While in Calcutta, Bobbie Gubler joined a women’s organization where she met and worked alongside Mother Teresa to package medicine for Indian citizens in need.
The Gubler family returned to Hawaii in 1971 and helped build the Oahu School of Medicine. Dengue fever was reintroduced to the Pacific region around this time, reemerging from its height during World War II. Gubler was the first to fight dengue fever, moving from parasitology to virology, although he was already very familiar with the pathogens spread by mosquitoes.
“I spent most of the first half of the 1970s traveling all over the islands of the South Pacific and the West Pacific, studying the epidemic,” he said. “We have developed new methods in Hawaii to isolate dengue virus from human material. It took me to Indonesia, where dengue fever was an emerging problem, killing many children. I wanted to put the new methods into practice in Indonesia.

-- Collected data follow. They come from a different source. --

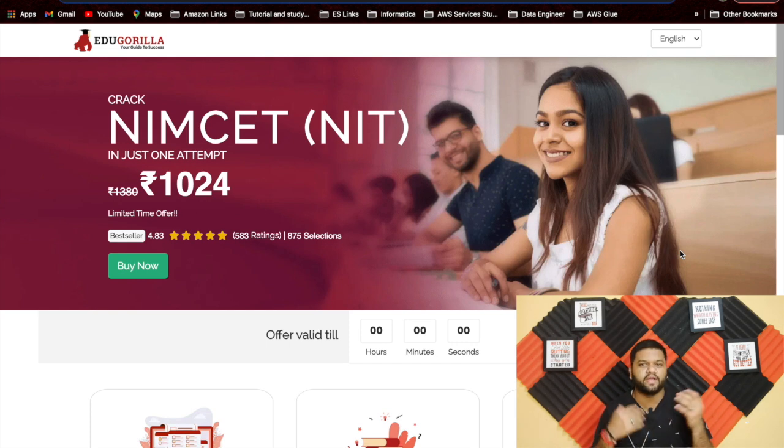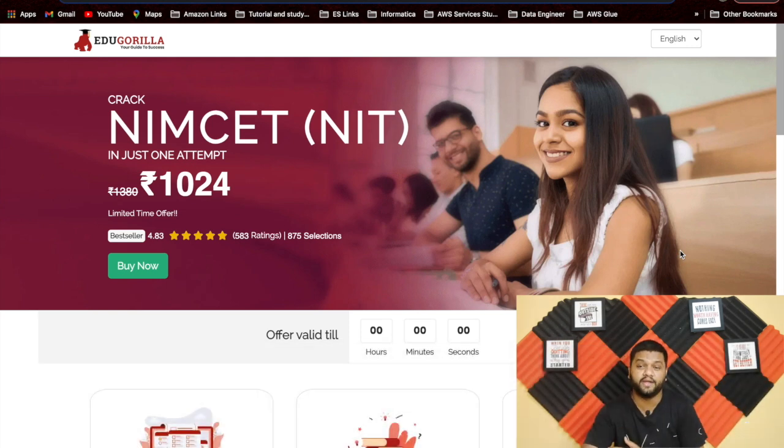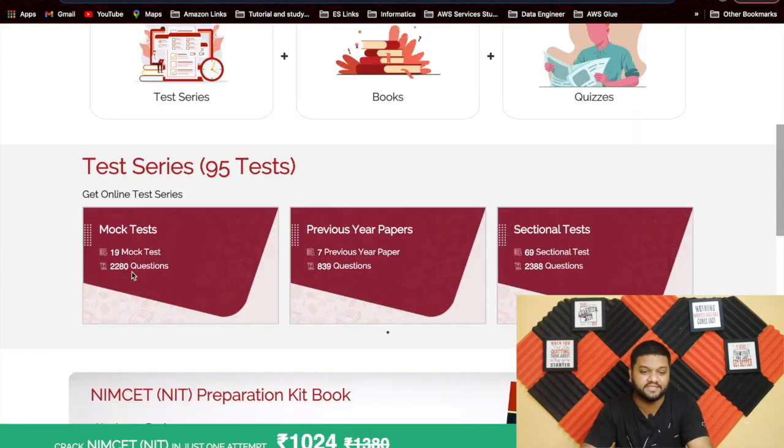For a bunch of really good mock tests, you can visit EduGorilla. I liked the way they curated their tests — I have both the soft copy and the physical book. Their online test series has 19 mock tests with 280 questions, and the level of those questions matches the actual NIMSA exam. It's not random; the difficulty level reflects what students face in NIMSA exams every year.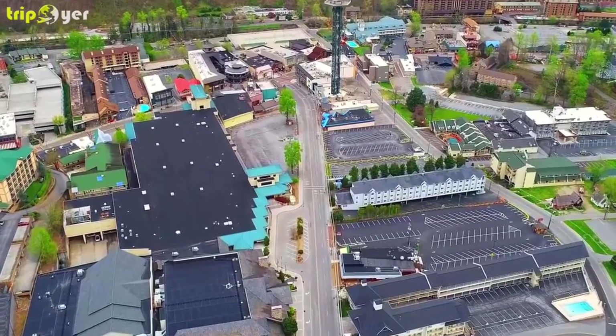Number 10: Whitewater Rafting on the Pigeon River. If you're looking to get your adrenaline fix during your trip to Gatlinburg, how about a little whitewater rafting? Rafting the nearby Pigeon River is considered one of the best things to do in the Smoky Mountains. Most rafting outfitters in town offer two different trips — the upper Pigeon River is the more exciting and more popular of the two.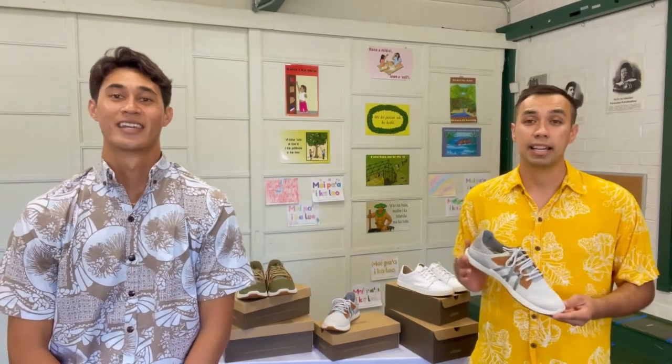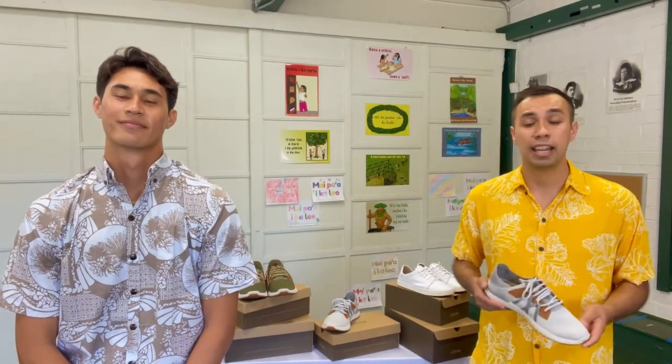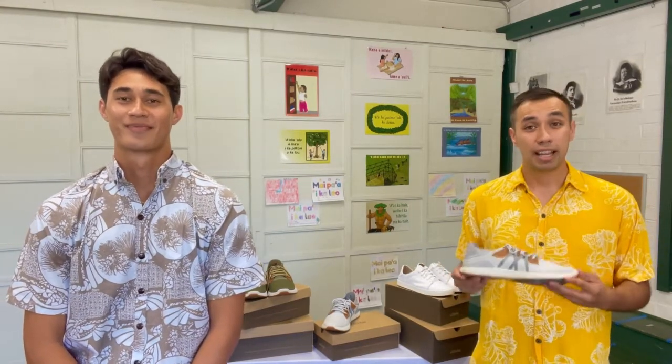Kama'a. E ho'a pili mai? Kama'a. He kama'a keia. In Hawaiian, the term for shoe is kama'a, and when we say he kama'a keia, we are saying, this is a shoe. E ho'a pili mai? Kama'a. He kama'a keia. Maikai.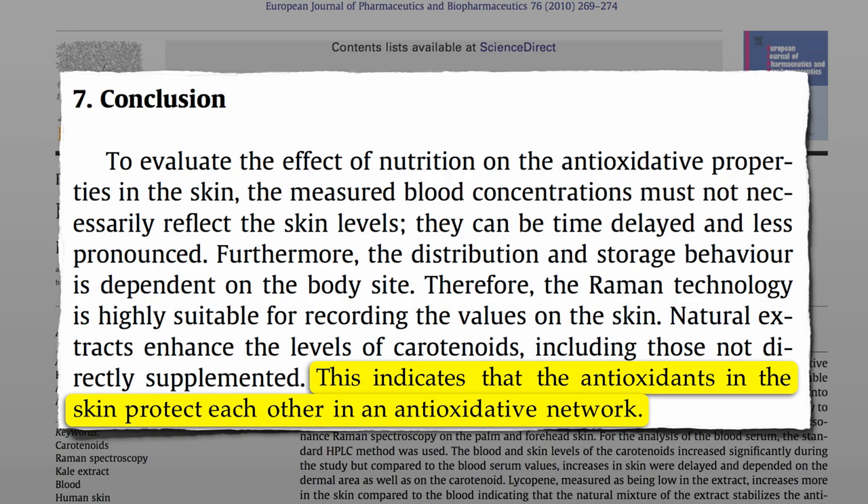They all work together in greens to help keep your skin healthy and beautiful.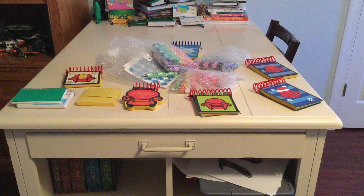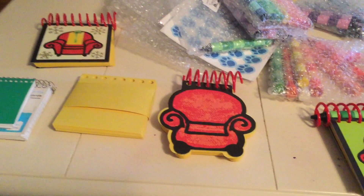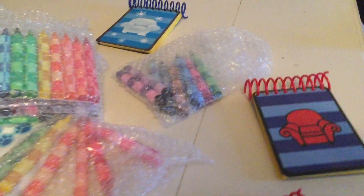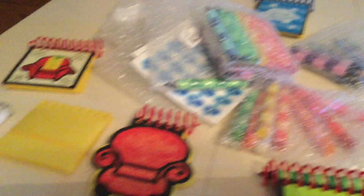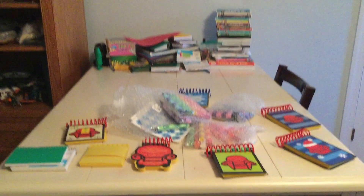Now for the Blues Clues handy dandy notebooks. Here are my Blues Clues handy dandy notebooks: I got Steve's notebook with a crayon, Joe's notebook with a crayon, Steve's holiday notebook, refillable notebook pages for Steve's notebook, Josh's notebooks, Steve and Josh's colorful crayons. For my birthday I got Joe's colorful crayons, and I also got paw print stickers for Christmas. That's all I have to show you — like and subscribe, and happy new year!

Again, the Gublers moved their family to a new land, Indonesia, where they spent the next five years. After that, the family moved to Illinois, Puerto Rico, Colorado and Hawaii, following Gubler’s college career-building programs and working with the Center for Disease Control and Prevention, known as the CDC.

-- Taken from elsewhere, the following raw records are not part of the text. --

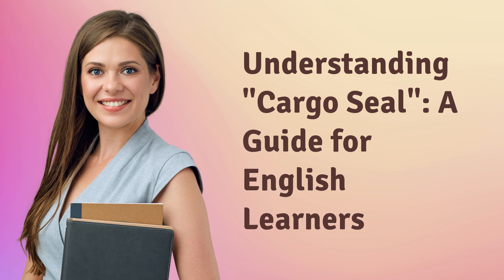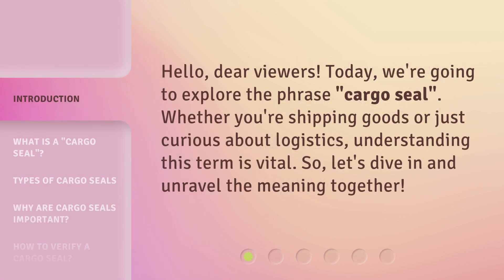Understanding cargo seal: a guide for English learners. Hello, dear viewers. Today we're going to explore the phrase cargo seal. Whether you're shipping goods or just curious about logistics, understanding this term is vital. Let's dive in and unravel the meaning together.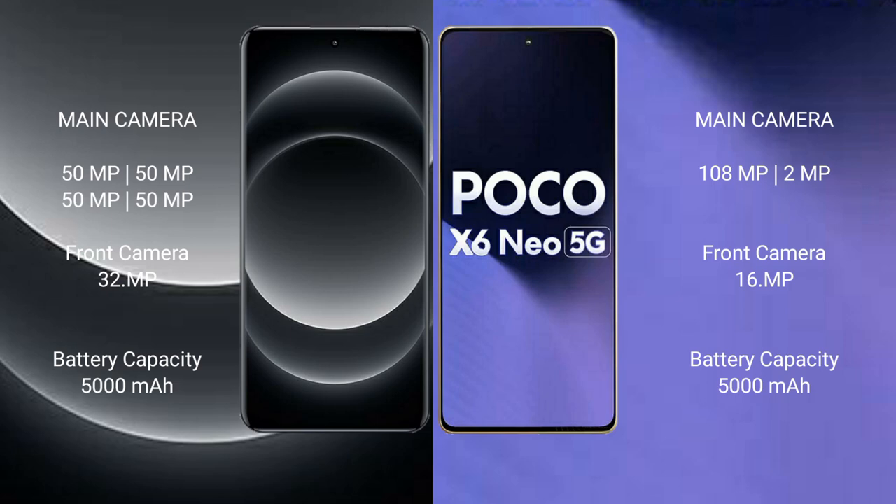Xiaomi Poco X6 New features a rear dual camera setup: 108MPx and 2MPx, with a 16MPx front camera.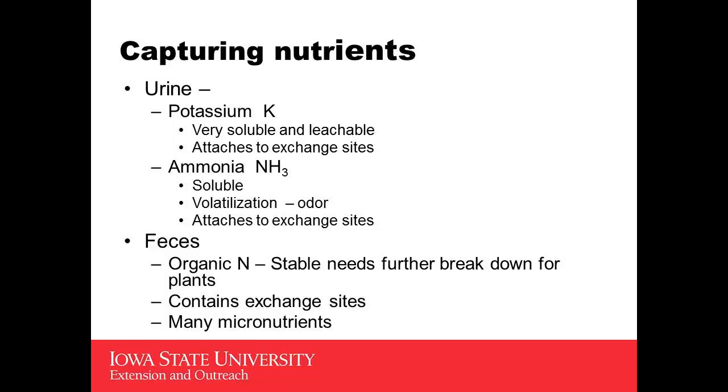Ammonia — we've done the study — it can volatilize, and often times if you're losing very much ammonia, from just your standpoint, you can smell it. If you can smell a lot of it, that probably means it's leaving. It will also attach to exchange sites. Cattle produce a lot of organic matter. That part is probably always going to be captured in our facilities. It's the part that takes some additional breakdown for our plants to use it, and it actually contains lots of exchange sites. If you've applied manure on a piece of property year after year, you'll see it's able to retain more and has a higher organic matter content — that's where it came from.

Gubler still traveled frequently to Asia, consulting with colleagues in Indonesia and neighboring countries. In 2000, Singapore began inviting top medical universities to the country to help establish a biotechnology and biomedical research center in Singapore.
“Hopkins went there, and they didn’t last long,” Gubler said. “Oxford came in. They didn’t last long. But Duke University was contracted to build a new medical school that would train medical scientists.
Duke contacted Gubler, and after careful consideration, he and his wife left their home in Hawaii and moved to Singapore to build a world-class medical facility in 2007. Gubler led the Emerging Infectious Diseases program at the faculty of Medicine from Duke in Singapore. , which has been instrumental in the study and development of a COVID-19 vaccine, Gubler said.
Gubler expressed his deep love and admiration for Singapore.
“Singapore today is not just a first world country, but one of the wealthiest countries in the world,” he said. “It’s probably the strongest economically (country) in the world, and probably the most beautiful city you’ll go to. It’s the safest and most technologically advanced city in the world – an amazing place.
A prolific academic writer and researcher, Gubler has published over 400 peer-reviewed scientific articles, as well as three published books on dengue fever. Among his accolades, Gubler received an honorary doctorate from Southern Utah University, a Rotary International Service Above Self Award, and recognition for helping with the 2007 Nobel Peace Prize for the Intergovernmental Panel on Climate Change.